When I first went to Venezuela as a missionary, our team struggled with how we should refer to ourselves. To called ourselves "Baptist" was meaningless. No one knew what a Baptist was and we weren't prepared to explain it and get diverted from what we really wanted to communicate—the Gospel. We couldn't call ourselves "evangelicals" because to the people we sought to reach an "evangelical" was a Jehovah's Witness and they were thoroughly despised. Recently the term "evangelical" has taken some hits in our own context here in North America. Some feel that the word has lost its meaning or at least been severely tarnished.
If the word and the people associated with it only denigrated because of the Gospel, that would actually be something to be proud of. But the politicalization of "evangelical" and those who claim the name has turned it into something some of us don't really want to be associated with as believers.
But it's a good word that, as the ancient adage goes, "took a wrong turn at Albuquerque". For those unfamiliar with the phrase, it means: "To take a wrong turn or miss a turn in a journey, so reaching a place distant from the original goal".
"Evangelical" comes from the Greek word εὐαγγέλιον which means "good news" and refers to the Gospel of Jesus Christ. If those who claim the name today had only stuck to the original goal as encapsulated in its meaning, some of us would be a great deal happier!

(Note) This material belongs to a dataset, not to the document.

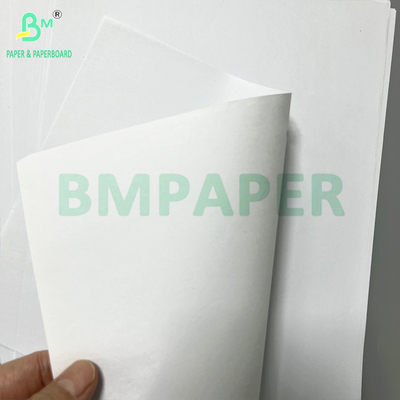 A0 A1 Gute Tintabsorption Glatte 40 GSM Weiße Flugblätter Papier unbeschichtet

In Romans 1:1 Paul writes: "Paul, a servant of Christ Jesus, called to be an apostle and set apart for the gospel of God". "Gospel" also refers to "good news". Paul was an evangelical, dedicated to sharing the good news of Jesus who, as Luke describes Him in Luke 19:10, came "to seek and to save the lost".
Paul's mission was to invite those separated from God because of their sin to be forgiven and restored to fellowship with their heavenly Father through faith in what Jesus did to pay the penalty for that sin. And then, as the next step in that transformation, Paul's task was to teach these new believers in Jesus how to live out that faith, what he describes in Romans 1:5 as calling "…all the Gentiles to the obedience that comes from faith…".
That's what evangelicals are supposed to be all about.
Many of those who claim that name today have forgotten what God set them apart to do—to share the good news about Jesus. They have forgotten their calling. They have forgotten that no Prime Minister, President, or political party has the ability to change anyone in the only way that it really matters. True change, lasting change, eternal change, change on a national and international scale only comes through an encounter with Jesus.
Which makes it all the more important for evangelicals to be what their name has always called them to be—those dedicated to Gospel, to good news, to the story of Jesus and His journey down to us to make the only difference that counts.